> **Brief**
Only the lines from the one holding "2/23 Sunnyfield Crescent, Glenfield, Auckland" through the end of the material are to be repeated, exactly and without pictures.

Top of Supplied material

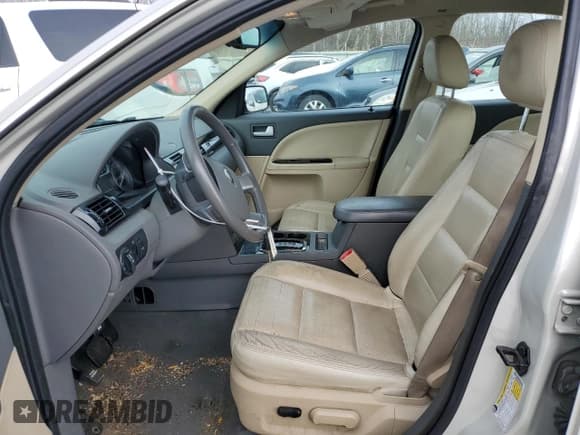 ✅ 2008 Mercury Sable • VIN: 1MEHM40WX8G612680 • Lot: 84397804. Wystawiony na Copart z przebiegiem 188 103 mil. Bezpłatny archiwum sprzedaży aukcyjnych z USA i szczegółowy raport historii pojazdu na DreamBid. Zdjęcie 7.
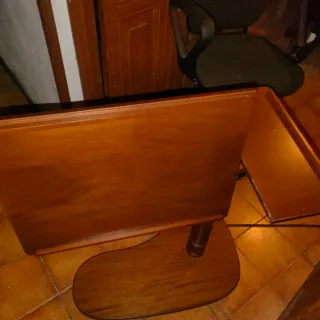 Mesa auxiliar de madera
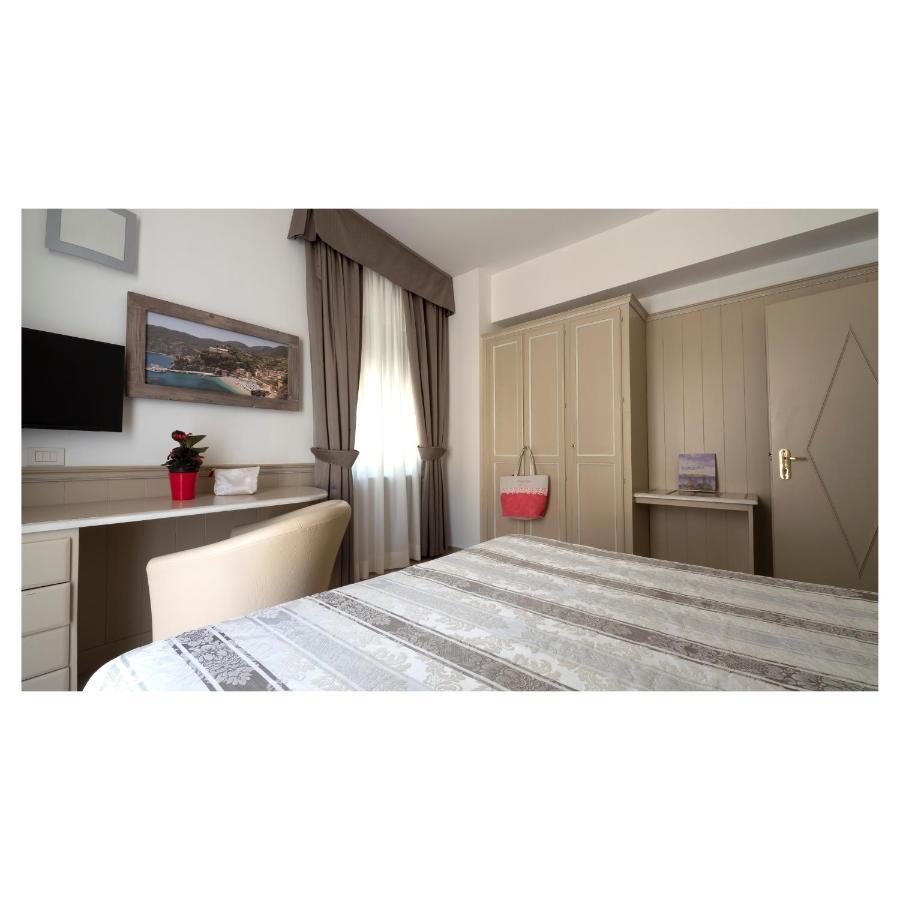 Hotel Margherita Монтероссо-аль-Маре Экстерьер фото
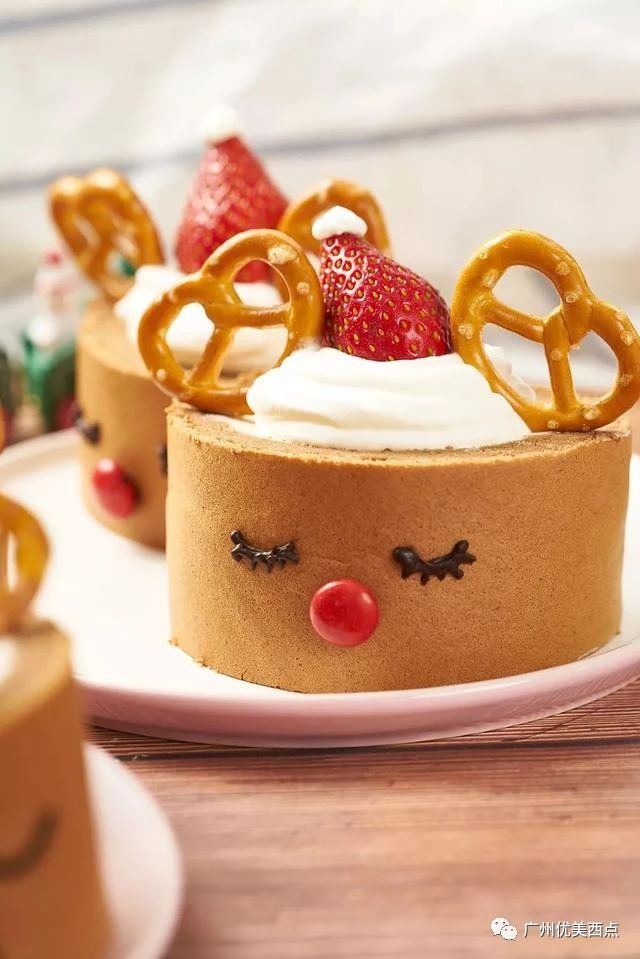 优美西点| 稳坐c位の圣诞节小蛋糕,上榜啦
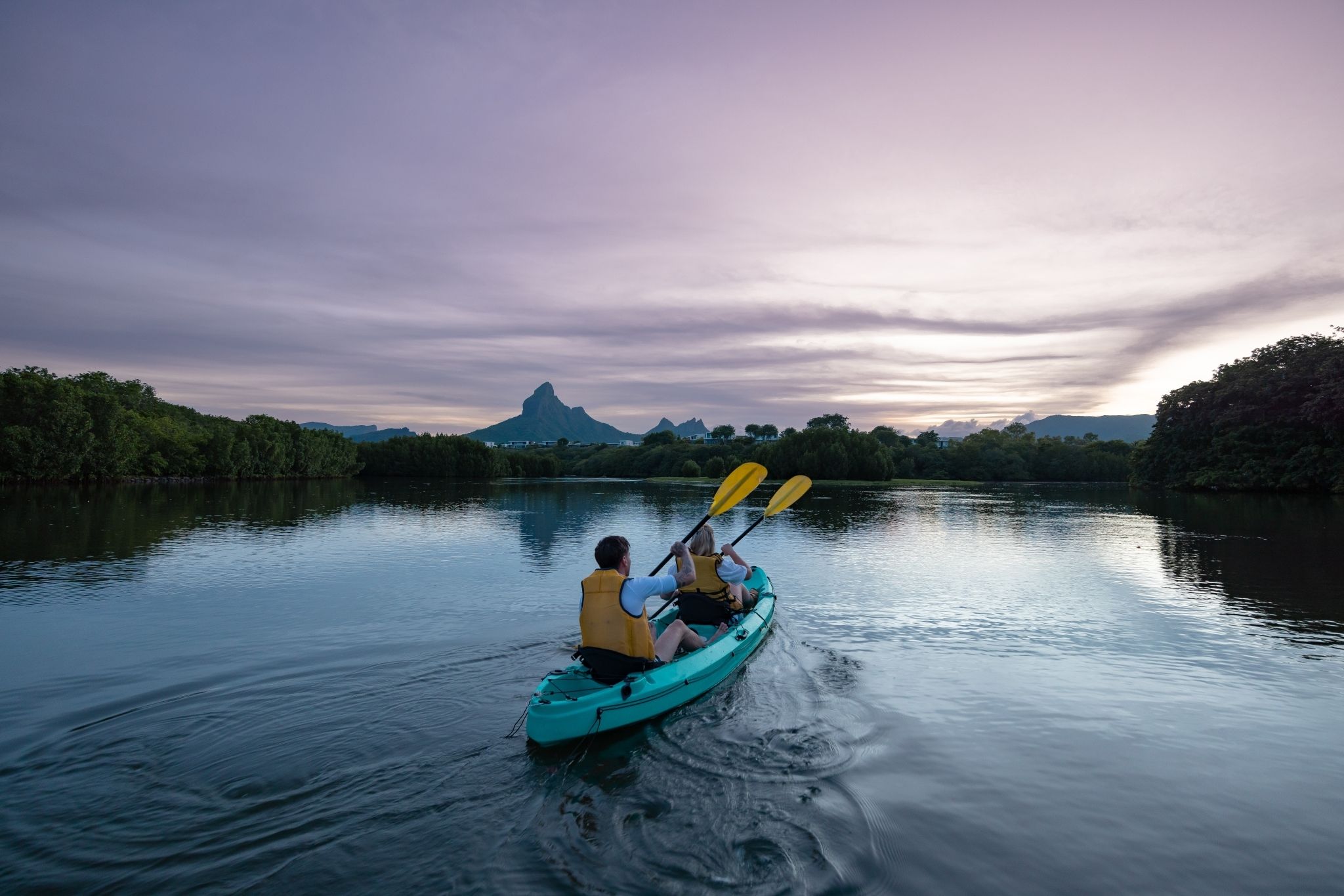 Kayak at Sunrise on the Tamarin River - Image 8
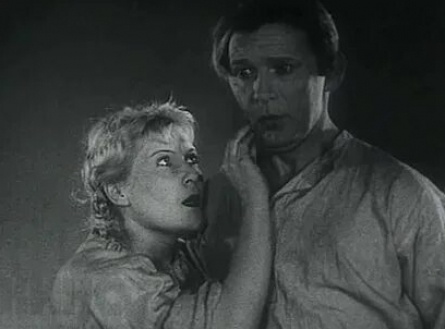 Веселые ребята - артисты и надзиратели кадры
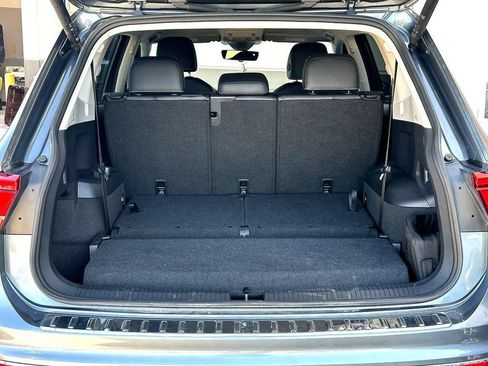 Used 2024 Volkswagen Tiguan SE FWD image 33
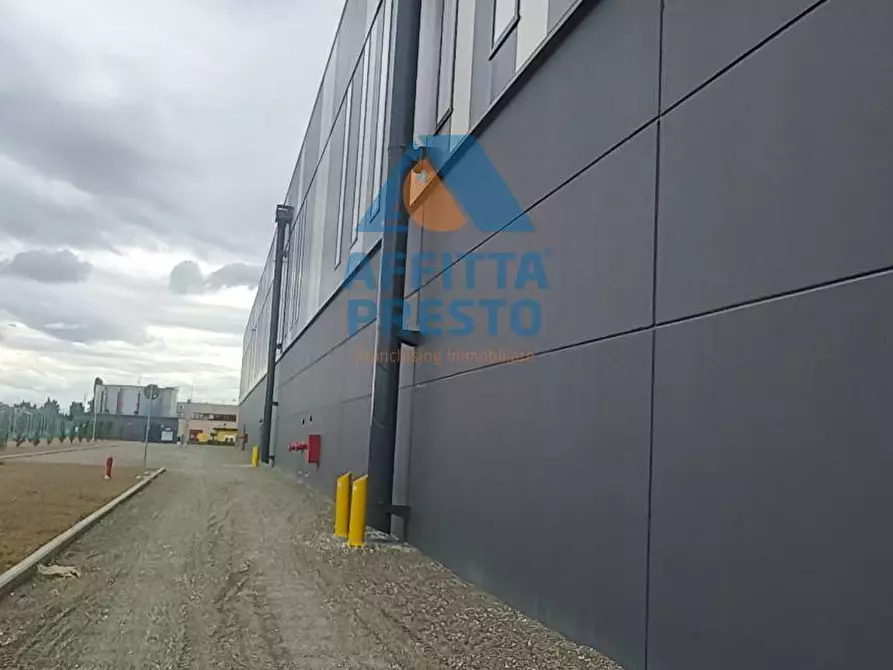 Immagine 1 di Capannone industriale in affitto  a Quarrata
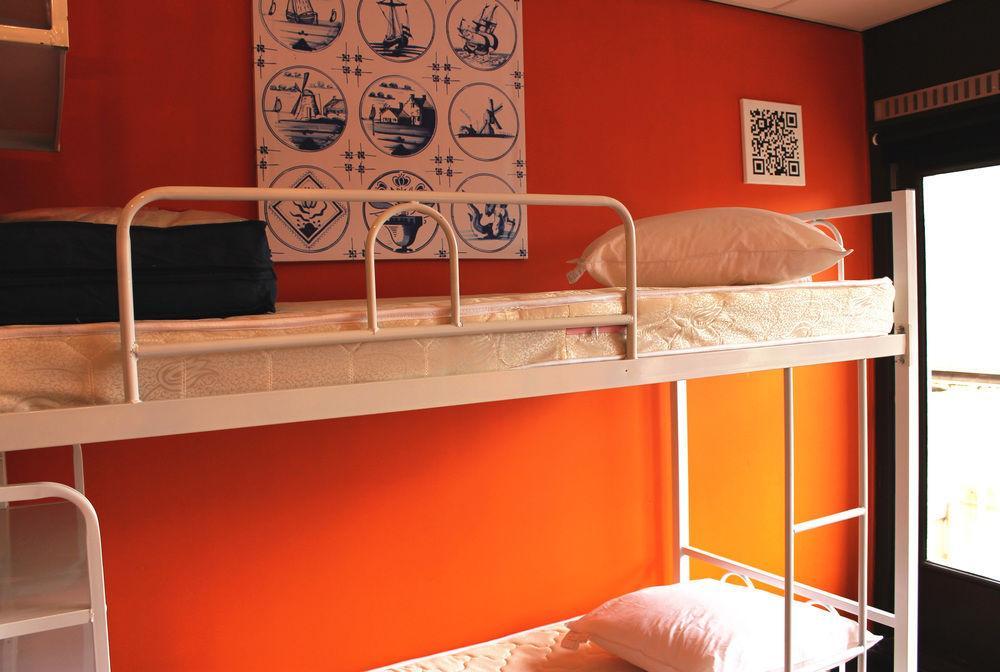 Hostelle *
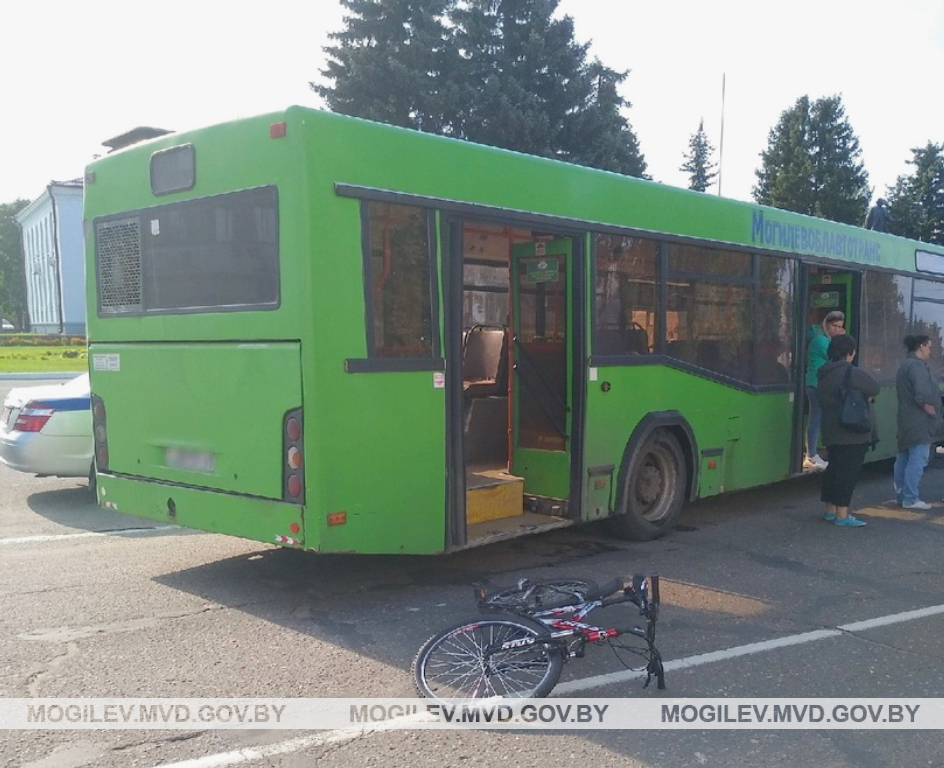 В Осиповичах несовершеннолетняя велосипедистка попала под колеса автобуса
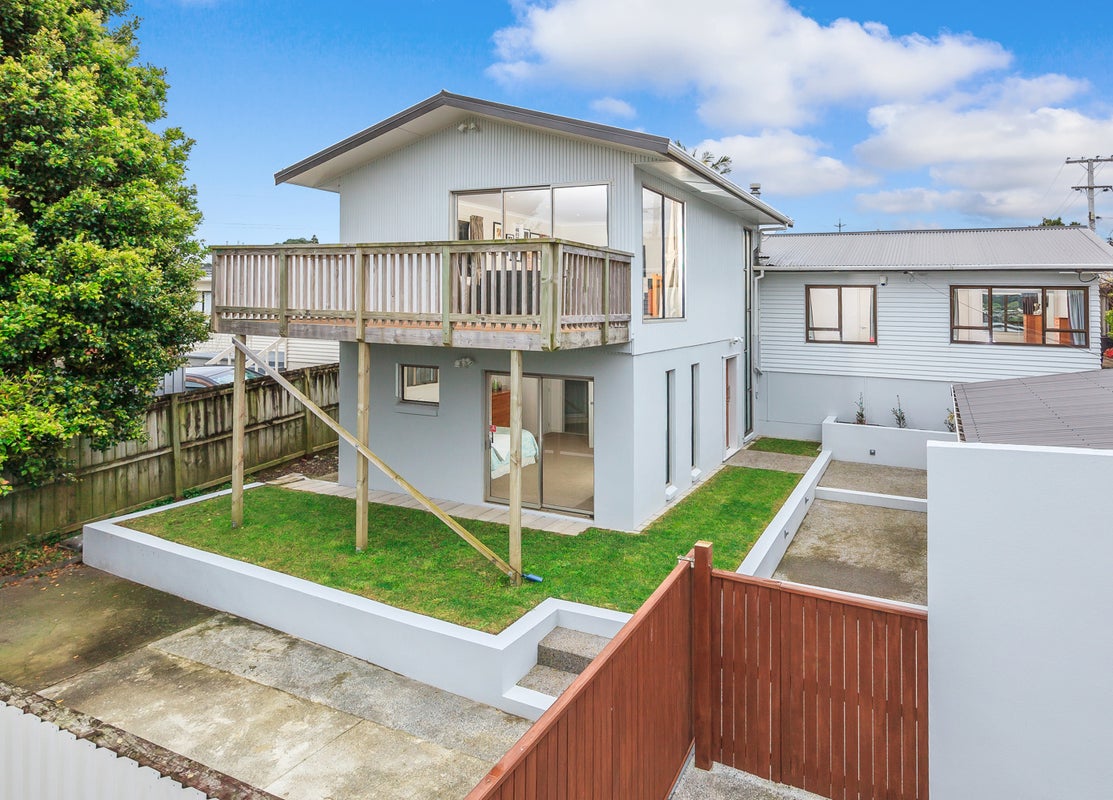 2/23 Sunnyfield Crescent, Glenfield, Auckland - Carousel 1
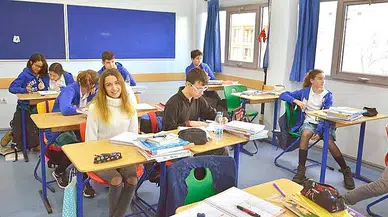 Hayalinin Peşine Paris’e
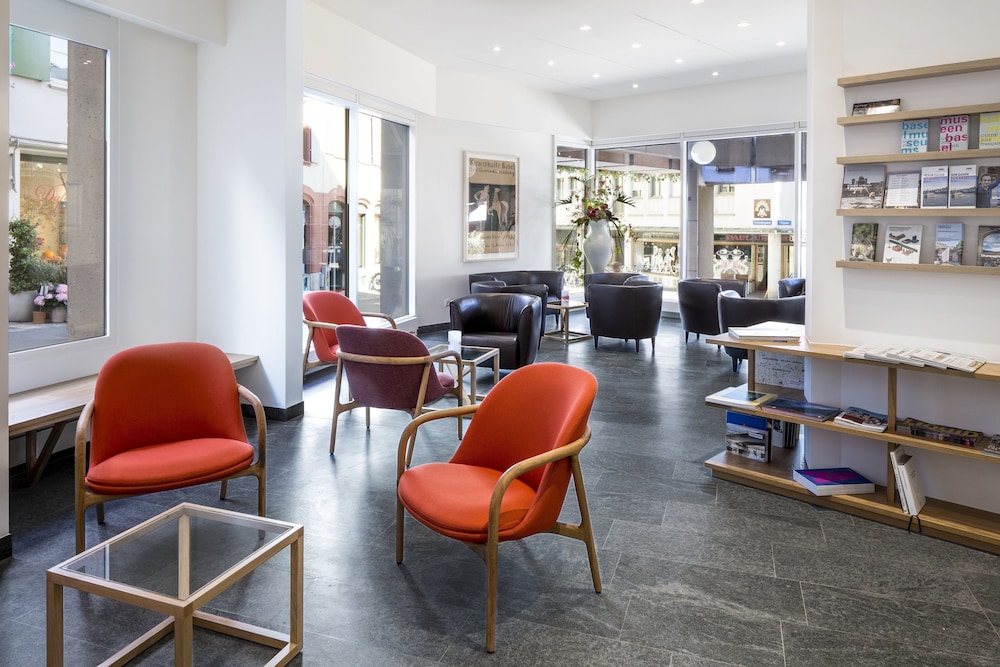 HOTEL BASEL 32/50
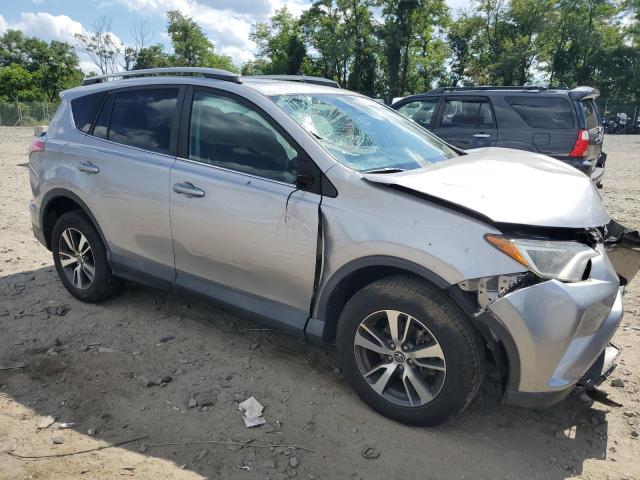 2T3RFREV0HW564320 - 2017 TOYOTA RAV4 XLE 银色 照片 4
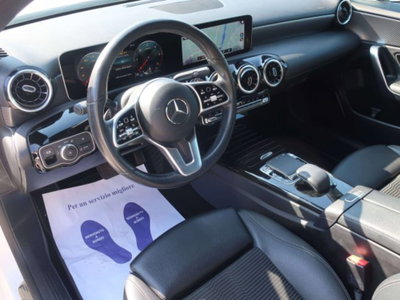 Mercedes-Benz Classe A Sedan 180 d 4p. Sport (3)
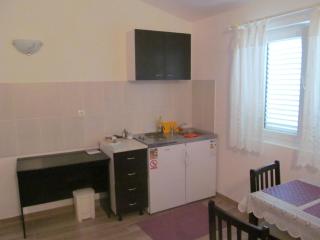 Apartments Natasa - Prvić Luka - 1
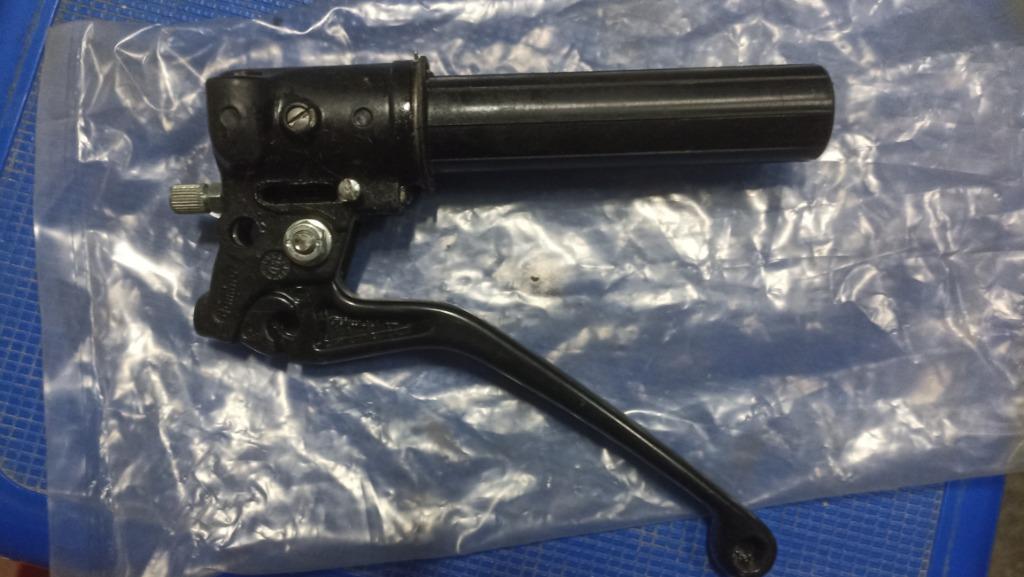 Poignée frein/accélérateur Piaggio typhoon 2t, Vélos & Vélomoteurs, Pièces de cyclomoteur | Général, Utilisé, Autres types, Enlèvement ou Envoi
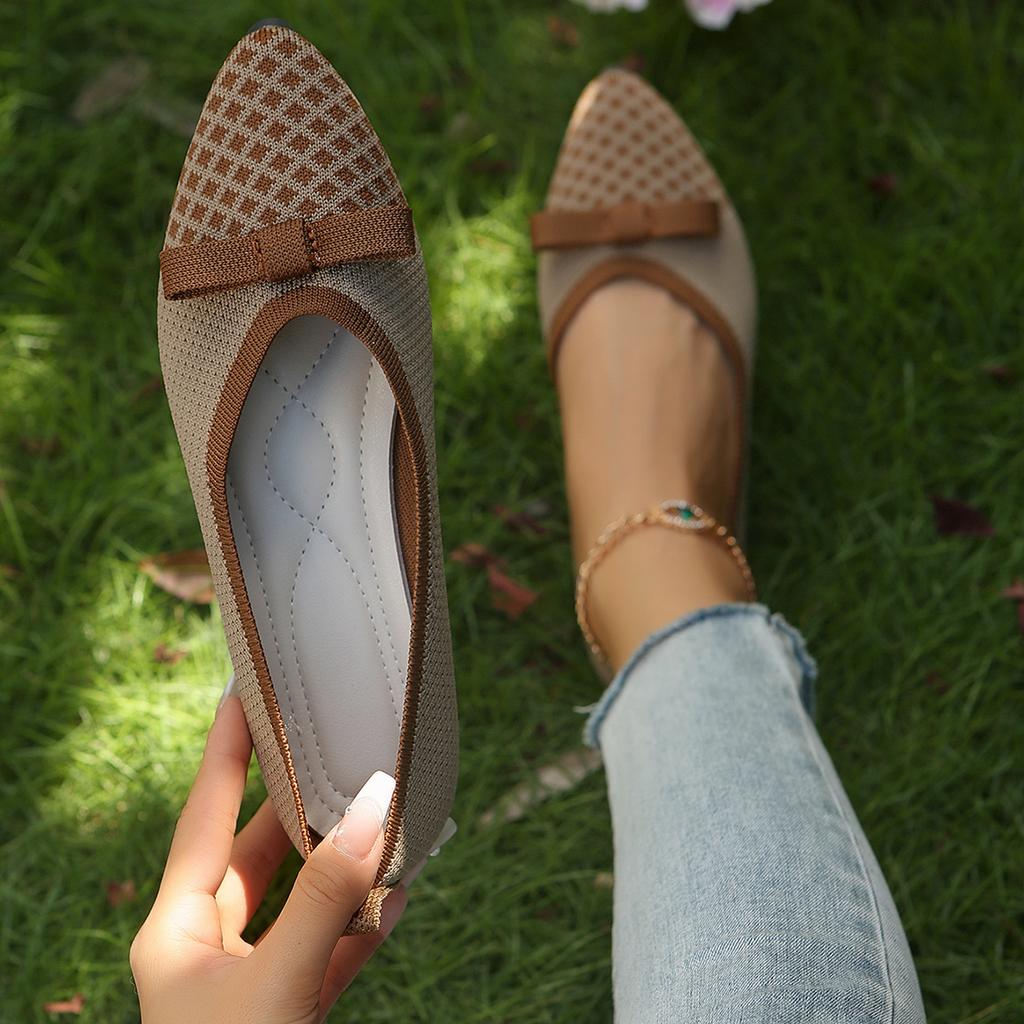 Женские туфли на плоской подошве 2024 года, новые весенне-осенние прогулочные туфли на открытом воздухе с острым верхом, удобные туфли в стиле Лолита, кроссовки больших размеров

Bottom of Supplied material

> **The completed task**
 2/23 Sunnyfield Crescent, Glenfield, Auckland - Carousel 1
 Hayalinin Peşine Paris’e
 HOTEL BASEL 32/50
 2T3RFREV0HW564320 - 2017 TOYOTA RAV4 XLE 银色 照片 4
 Mercedes-Benz Classe A Sedan 180 d 4p. Sport (3)
 Apartments Natasa - Prvić Luka - 1
 Poignée frein/accélérateur Piaggio typhoon 2t, Vélos & Vélomoteurs, Pièces de cyclomoteur | Général, Utilisé, Autres types, Enlèvement ou Envoi
 Женские туфли на плоской подошве 2024 года, новые весенне-осенние прогулочные туфли на открытом воздухе с острым верхом, удобные туфли в стиле Лолита, кроссовки больших размеров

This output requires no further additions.